He also credits Johns with showing him how to be a businessman. For instance, Vernon Johns knew somehow that flour prices were going up. So he had Prince Edward Mills in Farmville send him a truckload of flour. The black truck driver unloaded the flour into Vernon's store and then said that his boss told him to bring back the money. Vernon explained that he did not have the money. The driver responded that he would have to take the flour back. Vernon said "You can't take anything out of my store. I've got thirty days to pay for it." The driver was put off by Vernon's stand but there was little he could do about it. Later Vernon put the flour in individual sacks and drove around selling the flour bags to the surrounding farmers. Ben said Vernon made a big profit. Ben was very impressed by this, adding that Vernon Johns had started him off in business which was in the construction industry. He said Vernon Johns didn't tell him what to do; he showed him what to do. "He had a knack of how to handle people."

Vernon Johns wanted to truck all the farm goods to the churches and there distribute them to those who wanted the goods. He wanted to use the church as a distribution point. He wanted to construct a network of churches.

One day when Ben was out hunting he ran into Vernon Johns. Johns told Ben that there were a couple of guys out hunting on Johns property and he wanted to tell them hunting was not allowed. He had spotted their car, but could not find the hunters.

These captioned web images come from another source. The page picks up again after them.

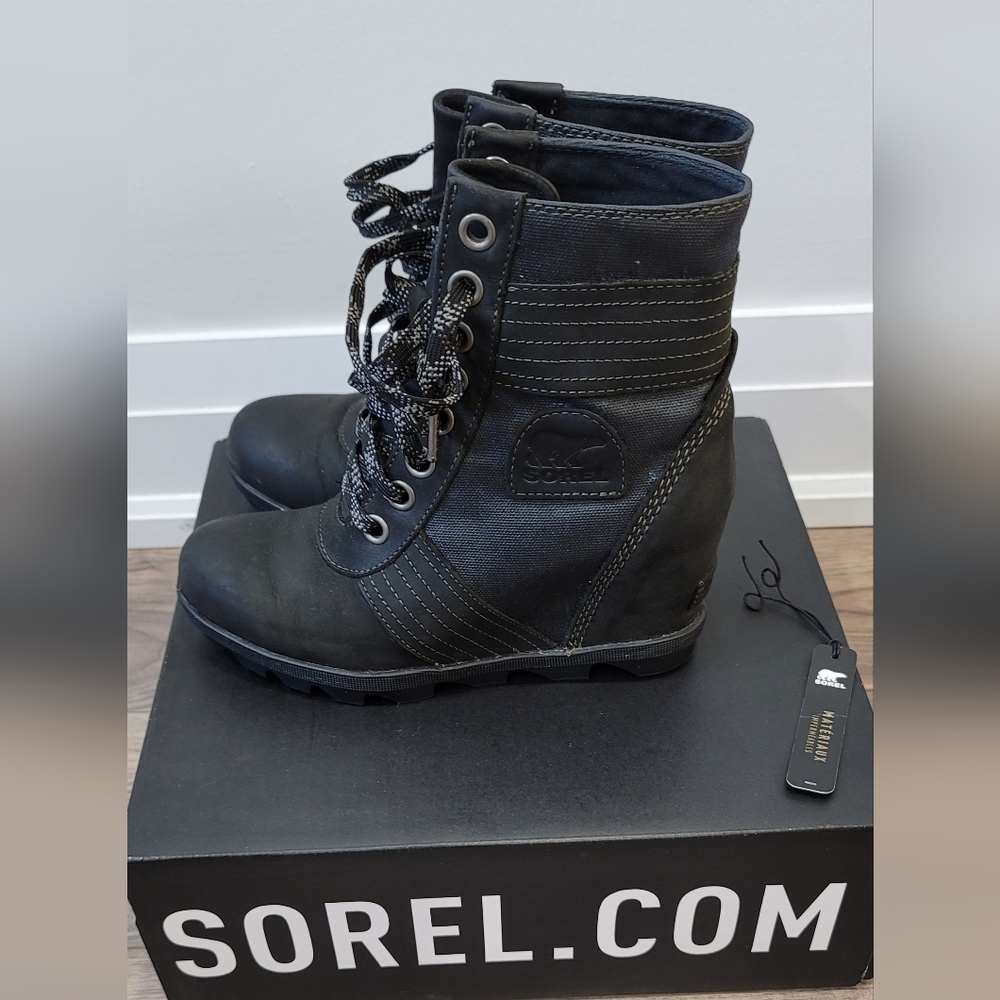 Sorel Lexie Wedge Boots Waterproof Leather and Canvas - Size 7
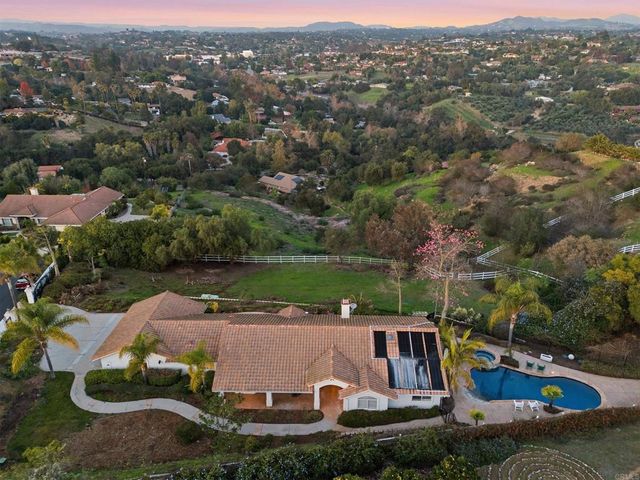 2449 Trails End, Fallbrook, CA 92028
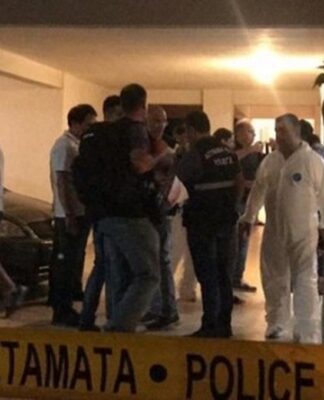 ΘΡΙΛΕΡ: Εντοπίστηκαν δύο πτώματα σε σπίτι – Το χειρόγραφο σημείωμα και τα σενάρια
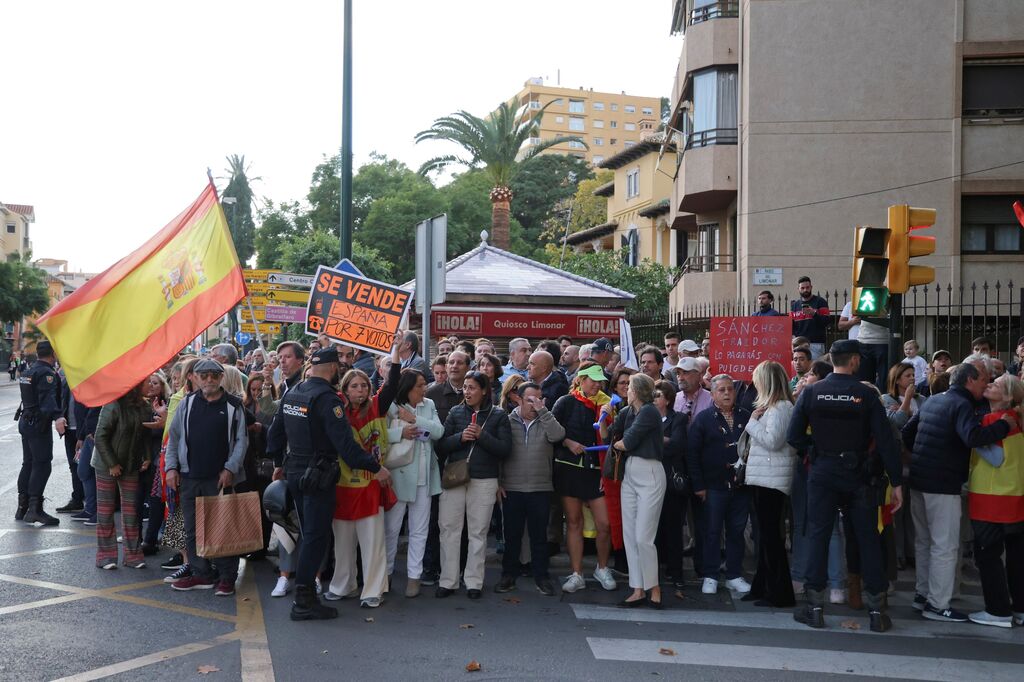 Las fotos de la protesta en M&aacute;laga contra Pedro S&aacute;nchez: "Se vende Espa&ntilde;a por 7 votos"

Ben and Vernon drove around and then Vernon saw the trespassing hunters out in the field. He told Ben to stop the truck. Vernon told Ben: "Now just in case they ask me why I let you hunt on my land and not them, you are now an official member of the corporation (Farm and City Enterprises)." Vernon went over and explained to the hunters that they were on private land. Later Ben dropped off Vernon at his house. Ben was thinking to himself that he would find the two hunters and tell them that he had nothing personally to do with having them thrown off the Johns property. But then he was brought up with a start when Vernon said to him suddenly "If you give me away you'll just cause problems for me and you." Ben was shocked that Vernon seemed to know exactly what he was setting out to do. He said this was the first time he was certain that Johns was some type of prophet.

He said that after his house burned down, Johns would often come and stay with him. He said that Vernon Johns would talk to him about events down in Montgomery. Ben said Vernon would get angry talking about the injustices done to him there.

Rev. W. H. R. Powell was a big inspiration to Ben Marshall also. Ben helped build the Hol-Reba Bible Conference center on the Powell farm. In fact, he put in place the two ponds there on the property. He still had the two books written by Powell: A Supervised Life (1945) and Illustrations to a Supervised Life (1968).

Ben was mad somewhat at the boys of Vernon Johns. He said that John Johns would not even help Vernon load watermelons on the truck that his father was taking to Howard University to sell. He was so close to their father that he had a hard time understanding the attitude of the Johns boys to their dad.

Ben had watched the "Saturday Night with Connie Chung" television program about Vernon Johns, but it made him so upset that he has so far refused to watch the television movie "The Vernon Johns Story". He was upset because Vernon Johns was portrayed as being such a harsh, tough man. He said that Johns "could be gentle as a lamb." Ben had seen the gentle side of Johns and he could not bear to see the one-dimensional portrayal of his mentor. He said a lot of the people in the neighborhood did not like Johns. They thought he was such a bad character that they were afraid to associate with him for fear that the association would also give them a bad name. He added that when people said nasty things about Johns "That hurt me."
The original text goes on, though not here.